Items from a data source
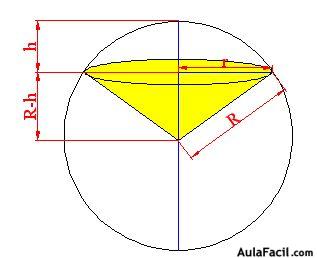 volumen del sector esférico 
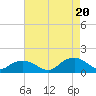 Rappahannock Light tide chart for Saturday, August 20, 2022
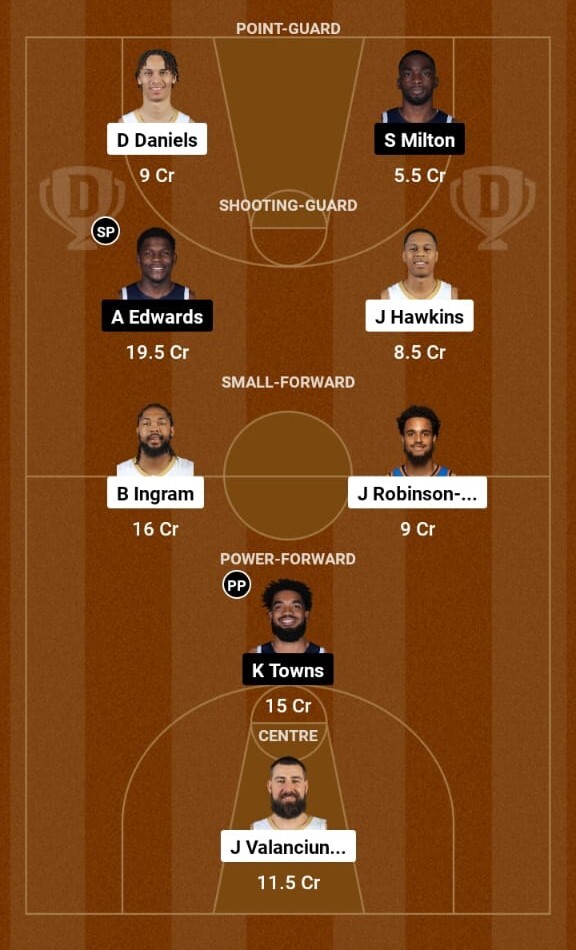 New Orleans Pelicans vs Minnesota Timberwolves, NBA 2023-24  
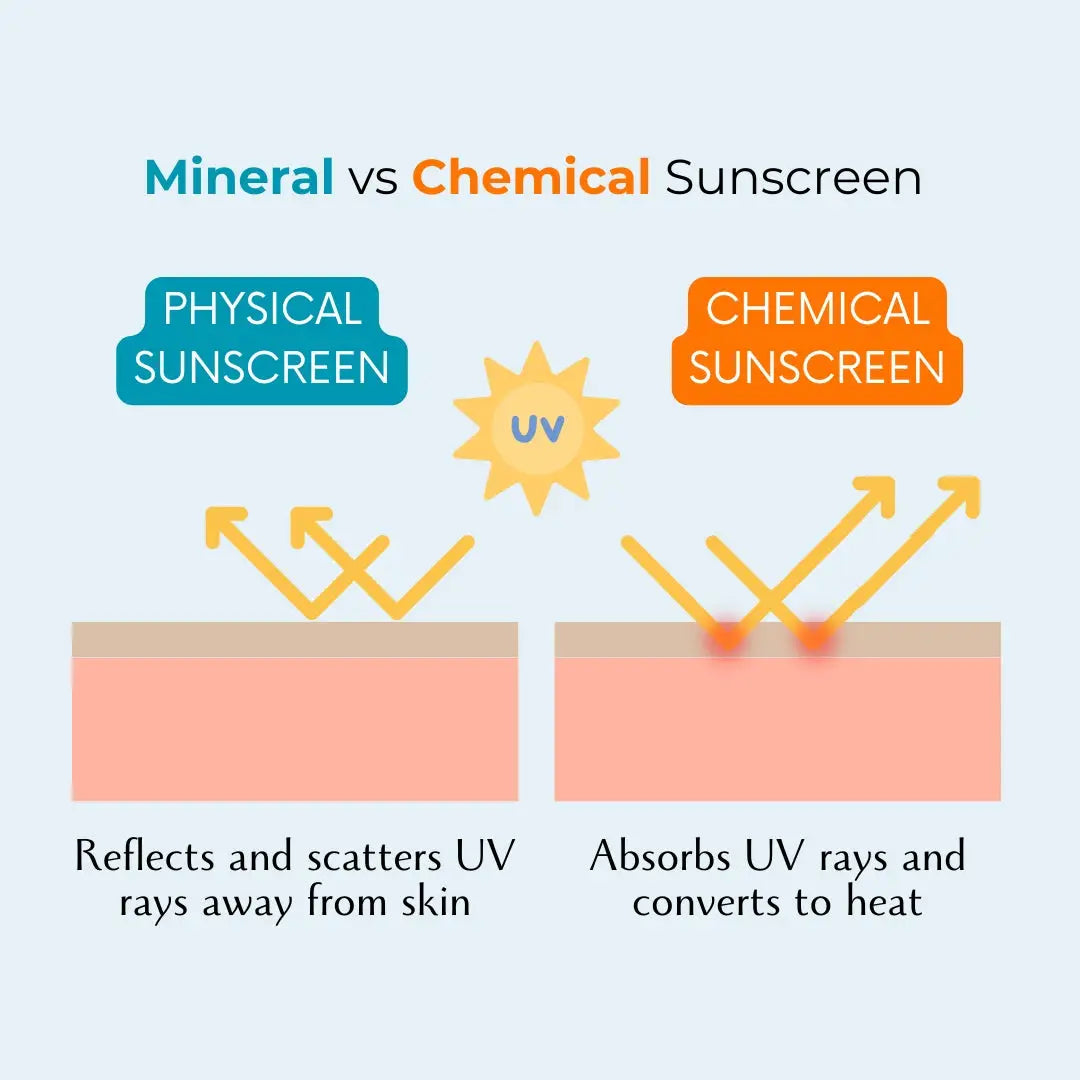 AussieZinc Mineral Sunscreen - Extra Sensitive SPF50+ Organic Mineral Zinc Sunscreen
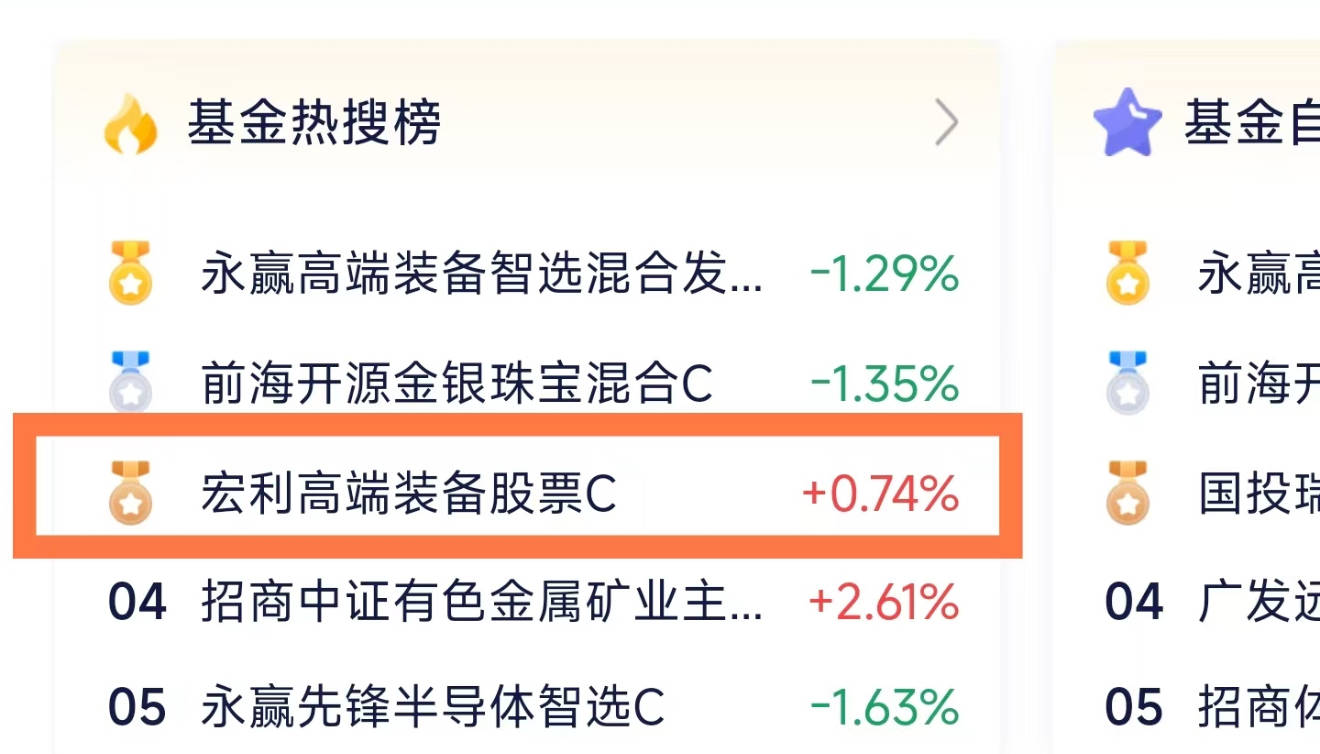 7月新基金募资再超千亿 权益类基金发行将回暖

INSTRUCTIONS FOR THE TASK: From the first line to the last, copy the records exactly and skip the pictures.

PROBLEM SOLUTION:
 volumen del sector esférico 
 Rappahannock Light tide chart for Saturday, August 20, 2022
 New Orleans Pelicans vs Minnesota Timberwolves, NBA 2023-24  
 AussieZinc Mineral Sunscreen - Extra Sensitive SPF50+ Organic Mineral Zinc Sunscreen
 7月新基金募资再超千亿 权益类基金发行将回暖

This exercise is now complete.